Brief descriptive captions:
'''

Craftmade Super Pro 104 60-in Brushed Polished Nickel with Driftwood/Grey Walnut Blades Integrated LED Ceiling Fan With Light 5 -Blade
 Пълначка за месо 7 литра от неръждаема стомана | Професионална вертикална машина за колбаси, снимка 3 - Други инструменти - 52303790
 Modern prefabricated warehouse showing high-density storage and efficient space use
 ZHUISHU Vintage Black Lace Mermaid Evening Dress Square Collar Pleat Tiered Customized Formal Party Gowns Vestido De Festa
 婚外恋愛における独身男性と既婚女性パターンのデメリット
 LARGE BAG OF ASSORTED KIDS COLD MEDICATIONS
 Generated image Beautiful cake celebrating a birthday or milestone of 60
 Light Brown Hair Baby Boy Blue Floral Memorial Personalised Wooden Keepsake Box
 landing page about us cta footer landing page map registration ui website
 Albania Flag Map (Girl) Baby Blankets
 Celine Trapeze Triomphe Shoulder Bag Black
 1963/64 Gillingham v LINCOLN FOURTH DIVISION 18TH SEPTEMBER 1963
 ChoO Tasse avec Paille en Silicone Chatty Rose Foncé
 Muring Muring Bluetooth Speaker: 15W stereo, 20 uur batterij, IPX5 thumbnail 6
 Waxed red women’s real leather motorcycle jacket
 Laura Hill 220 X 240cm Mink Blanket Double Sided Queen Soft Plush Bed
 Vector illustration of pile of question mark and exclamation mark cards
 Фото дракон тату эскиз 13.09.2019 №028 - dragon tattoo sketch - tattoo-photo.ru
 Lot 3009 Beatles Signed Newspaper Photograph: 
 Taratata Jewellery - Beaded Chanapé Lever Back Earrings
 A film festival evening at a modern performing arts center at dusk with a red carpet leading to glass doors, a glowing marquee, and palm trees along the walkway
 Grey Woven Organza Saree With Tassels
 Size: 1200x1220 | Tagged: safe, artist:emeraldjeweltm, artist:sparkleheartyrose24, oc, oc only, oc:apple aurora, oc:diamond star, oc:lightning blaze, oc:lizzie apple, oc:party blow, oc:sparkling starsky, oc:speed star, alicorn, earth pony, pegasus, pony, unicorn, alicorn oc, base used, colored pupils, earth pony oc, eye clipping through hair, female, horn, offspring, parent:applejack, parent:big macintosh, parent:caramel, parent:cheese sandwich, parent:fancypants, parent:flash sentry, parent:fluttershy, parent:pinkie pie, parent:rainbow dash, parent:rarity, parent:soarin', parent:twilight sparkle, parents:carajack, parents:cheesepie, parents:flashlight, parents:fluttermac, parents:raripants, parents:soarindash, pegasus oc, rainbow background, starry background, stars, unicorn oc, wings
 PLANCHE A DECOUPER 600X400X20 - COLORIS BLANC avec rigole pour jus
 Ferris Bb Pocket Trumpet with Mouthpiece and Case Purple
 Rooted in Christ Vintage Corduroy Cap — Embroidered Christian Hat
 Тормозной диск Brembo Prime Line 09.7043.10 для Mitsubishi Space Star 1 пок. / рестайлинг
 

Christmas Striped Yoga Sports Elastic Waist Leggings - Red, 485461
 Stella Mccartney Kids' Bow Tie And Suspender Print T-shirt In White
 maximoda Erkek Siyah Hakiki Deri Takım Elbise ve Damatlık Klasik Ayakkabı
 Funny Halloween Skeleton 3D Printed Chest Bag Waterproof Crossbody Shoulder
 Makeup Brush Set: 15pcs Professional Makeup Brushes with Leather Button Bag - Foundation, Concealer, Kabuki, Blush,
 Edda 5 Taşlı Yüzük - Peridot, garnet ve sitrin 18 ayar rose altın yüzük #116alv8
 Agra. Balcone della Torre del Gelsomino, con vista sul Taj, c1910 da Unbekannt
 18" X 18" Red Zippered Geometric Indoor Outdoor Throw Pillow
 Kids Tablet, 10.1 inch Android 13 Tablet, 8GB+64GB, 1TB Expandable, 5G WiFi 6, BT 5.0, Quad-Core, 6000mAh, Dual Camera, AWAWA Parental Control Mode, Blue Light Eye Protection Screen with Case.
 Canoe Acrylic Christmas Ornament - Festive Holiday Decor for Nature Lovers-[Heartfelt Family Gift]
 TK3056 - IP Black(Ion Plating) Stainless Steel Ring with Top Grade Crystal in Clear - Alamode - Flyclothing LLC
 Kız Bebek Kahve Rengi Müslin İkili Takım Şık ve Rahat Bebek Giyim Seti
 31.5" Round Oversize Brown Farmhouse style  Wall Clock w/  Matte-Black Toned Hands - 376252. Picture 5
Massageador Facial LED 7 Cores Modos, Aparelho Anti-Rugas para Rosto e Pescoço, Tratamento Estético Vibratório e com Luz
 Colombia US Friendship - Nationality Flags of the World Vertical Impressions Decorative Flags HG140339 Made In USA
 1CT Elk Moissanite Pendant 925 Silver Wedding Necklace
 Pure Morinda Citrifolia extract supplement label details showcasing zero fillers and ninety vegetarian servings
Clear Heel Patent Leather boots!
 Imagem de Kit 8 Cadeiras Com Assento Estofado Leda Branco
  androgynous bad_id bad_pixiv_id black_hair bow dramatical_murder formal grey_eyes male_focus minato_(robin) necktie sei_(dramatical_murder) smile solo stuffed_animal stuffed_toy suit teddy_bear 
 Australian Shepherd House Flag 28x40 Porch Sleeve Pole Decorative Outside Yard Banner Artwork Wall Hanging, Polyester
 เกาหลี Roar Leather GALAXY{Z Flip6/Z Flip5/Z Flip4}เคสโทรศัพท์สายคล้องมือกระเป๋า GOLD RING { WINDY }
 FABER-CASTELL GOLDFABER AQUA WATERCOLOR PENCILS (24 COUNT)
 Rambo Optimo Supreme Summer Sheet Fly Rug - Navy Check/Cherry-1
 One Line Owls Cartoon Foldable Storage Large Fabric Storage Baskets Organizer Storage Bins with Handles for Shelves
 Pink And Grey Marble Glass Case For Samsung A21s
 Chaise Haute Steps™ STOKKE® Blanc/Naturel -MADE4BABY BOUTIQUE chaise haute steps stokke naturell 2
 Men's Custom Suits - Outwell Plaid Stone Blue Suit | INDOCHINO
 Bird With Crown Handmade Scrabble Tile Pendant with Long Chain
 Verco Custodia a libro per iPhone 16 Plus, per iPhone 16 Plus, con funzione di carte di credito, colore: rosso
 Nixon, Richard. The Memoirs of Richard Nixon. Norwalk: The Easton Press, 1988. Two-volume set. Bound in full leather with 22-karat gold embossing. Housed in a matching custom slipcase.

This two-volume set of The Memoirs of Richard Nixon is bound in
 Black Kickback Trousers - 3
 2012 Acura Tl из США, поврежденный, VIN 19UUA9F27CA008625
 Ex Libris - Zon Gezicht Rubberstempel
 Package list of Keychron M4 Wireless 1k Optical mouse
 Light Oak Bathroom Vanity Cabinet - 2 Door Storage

'''

> ACTIVITY: Could you retype every record above exactly as it appears?

> RESPONSE TO THIS TASK:
Craftmade Super Pro 104 60-in Brushed Polished Nickel with Driftwood/Grey Walnut Blades Integrated LED Ceiling Fan With Light 5 -Blade
 Пълначка за месо 7 литра от неръждаема стомана | Професионална вертикална машина за колбаси, снимка 3 - Други инструменти - 52303790
 Modern prefabricated warehouse showing high-density storage and efficient space use
 ZHUISHU Vintage Black Lace Mermaid Evening Dress Square Collar Pleat Tiered Customized Formal Party Gowns Vestido De Festa
 婚外恋愛における独身男性と既婚女性パターンのデメリット
 LARGE BAG OF ASSORTED KIDS COLD MEDICATIONS
 Generated image Beautiful cake celebrating a birthday or milestone of 60
 Light Brown Hair Baby Boy Blue Floral Memorial Personalised Wooden Keepsake Box
 landing page about us cta footer landing page map registration ui website
 Albania Flag Map (Girl) Baby Blankets
 Celine Trapeze Triomphe Shoulder Bag Black
 1963/64 Gillingham v LINCOLN FOURTH DIVISION 18TH SEPTEMBER 1963
 ChoO Tasse avec Paille en Silicone Chatty Rose Foncé
 Muring Muring Bluetooth Speaker: 15W stereo, 20 uur batterij, IPX5 thumbnail 6
 Waxed red women’s real leather motorcycle jacket
 Laura Hill 220 X 240cm Mink Blanket Double Sided Queen Soft Plush Bed
 Vector illustration of pile of question mark and exclamation mark cards
 Фото дракон тату эскиз 13.09.2019 №028 - dragon tattoo sketch - tattoo-photo.ru
 Lot 3009 Beatles Signed Newspaper Photograph: 
 Taratata Jewellery - Beaded Chanapé Lever Back Earrings
 A film festival evening at a modern performing arts center at dusk with a red carpet leading to glass doors, a glowing marquee, and palm trees along the walkway
 Grey Woven Organza Saree With Tassels
 Size: 1200x1220 | Tagged: safe, artist:emeraldjeweltm, artist:sparkleheartyrose24, oc, oc only, oc:apple aurora, oc:diamond star, oc:lightning blaze, oc:lizzie apple, oc:party blow, oc:sparkling starsky, oc:speed star, alicorn, earth pony, pegasus, pony, unicorn, alicorn oc, base used, colored pupils, earth pony oc, eye clipping through hair, female, horn, offspring, parent:applejack, parent:big macintosh, parent:caramel, parent:cheese sandwich, parent:fancypants, parent:flash sentry, parent:fluttershy, parent:pinkie pie, parent:rainbow dash, parent:rarity, parent:soarin', parent:twilight sparkle, parents:carajack, parents:cheesepie, parents:flashlight, parents:fluttermac, parents:raripants, parents:soarindash, pegasus oc, rainbow background, starry background, stars, unicorn oc, wings
 PLANCHE A DECOUPER 600X400X20 - COLORIS BLANC avec rigole pour jus
 Ferris Bb Pocket Trumpet with Mouthpiece and Case Purple
 Rooted in Christ Vintage Corduroy Cap — Embroidered Christian Hat
 Тормозной диск Brembo Prime Line 09.7043.10 для Mitsubishi Space Star 1 пок. / рестайлинг
 

Christmas Striped Yoga Sports Elastic Waist Leggings - Red, 485461
 Stella Mccartney Kids' Bow Tie And Suspender Print T-shirt In White
 maximoda Erkek Siyah Hakiki Deri Takım Elbise ve Damatlık Klasik Ayakkabı
 Funny Halloween Skeleton 3D Printed Chest Bag Waterproof Crossbody Shoulder
 Makeup Brush Set: 15pcs Professional Makeup Brushes with Leather Button Bag - Foundation, Concealer, Kabuki, Blush,
 Edda 5 Taşlı Yüzük - Peridot, garnet ve sitrin 18 ayar rose altın yüzük #116alv8
 Agra. Balcone della Torre del Gelsomino, con vista sul Taj, c1910 da Unbekannt
 18" X 18" Red Zippered Geometric Indoor Outdoor Throw Pillow
 Kids Tablet, 10.1 inch Android 13 Tablet, 8GB+64GB, 1TB Expandable, 5G WiFi 6, BT 5.0, Quad-Core, 6000mAh, Dual Camera, AWAWA Parental Control Mode, Blue Light Eye Protection Screen with Case.
 Canoe Acrylic Christmas Ornament - Festive Holiday Decor for Nature Lovers-[Heartfelt Family Gift]
 TK3056 - IP Black(Ion Plating) Stainless Steel Ring with Top Grade Crystal in Clear - Alamode - Flyclothing LLC
 Kız Bebek Kahve Rengi Müslin İkili Takım Şık ve Rahat Bebek Giyim Seti
 31.5" Round Oversize Brown Farmhouse style  Wall Clock w/  Matte-Black Toned Hands - 376252. Picture 5
Massageador Facial LED 7 Cores Modos, Aparelho Anti-Rugas para Rosto e Pescoço, Tratamento Estético Vibratório e com Luz
 Colombia US Friendship - Nationality Flags of the World Vertical Impressions Decorative Flags HG140339 Made In USA
 1CT Elk Moissanite Pendant 925 Silver Wedding Necklace
 Pure Morinda Citrifolia extract supplement label details showcasing zero fillers and ninety vegetarian servings
Clear Heel Patent Leather boots!
 Imagem de Kit 8 Cadeiras Com Assento Estofado Leda Branco
  androgynous bad_id bad_pixiv_id black_hair bow dramatical_murder formal grey_eyes male_focus minato_(robin) necktie sei_(dramatical_murder) smile solo stuffed_animal stuffed_toy suit teddy_bear 
 Australian Shepherd House Flag 28x40 Porch Sleeve Pole Decorative Outside Yard Banner Artwork Wall Hanging, Polyester
 เกาหลี Roar Leather GALAXY{Z Flip6/Z Flip5/Z Flip4}เคสโทรศัพท์สายคล้องมือกระเป๋า GOLD RING { WINDY }
 FABER-CASTELL GOLDFABER AQUA WATERCOLOR PENCILS (24 COUNT)
 Rambo Optimo Supreme Summer Sheet Fly Rug - Navy Check/Cherry-1
 One Line Owls Cartoon Foldable Storage Large Fabric Storage Baskets Organizer Storage Bins with Handles for Shelves
 Pink And Grey Marble Glass Case For Samsung A21s
 Chaise Haute Steps™ STOKKE® Blanc/Naturel -MADE4BABY BOUTIQUE chaise haute steps stokke naturell 2
 Men's Custom Suits - Outwell Plaid Stone Blue Suit | INDOCHINO
 Bird With Crown Handmade Scrabble Tile Pendant with Long Chain
 Verco Custodia a libro per iPhone 16 Plus, per iPhone 16 Plus, con funzione di carte di credito, colore: rosso
 Nixon, Richard. The Memoirs of Richard Nixon. Norwalk: The Easton Press, 1988. Two-volume set. Bound in full leather with 22-karat gold embossing. Housed in a matching custom slipcase.

This two-volume set of The Memoirs of Richard Nixon is bound in
 Black Kickback Trousers - 3
 2012 Acura Tl из США, поврежденный, VIN 19UUA9F27CA008625
 Ex Libris - Zon Gezicht Rubberstempel
 Package list of Keychron M4 Wireless 1k Optical mouse
 Light Oak Bathroom Vanity Cabinet - 2 Door Storage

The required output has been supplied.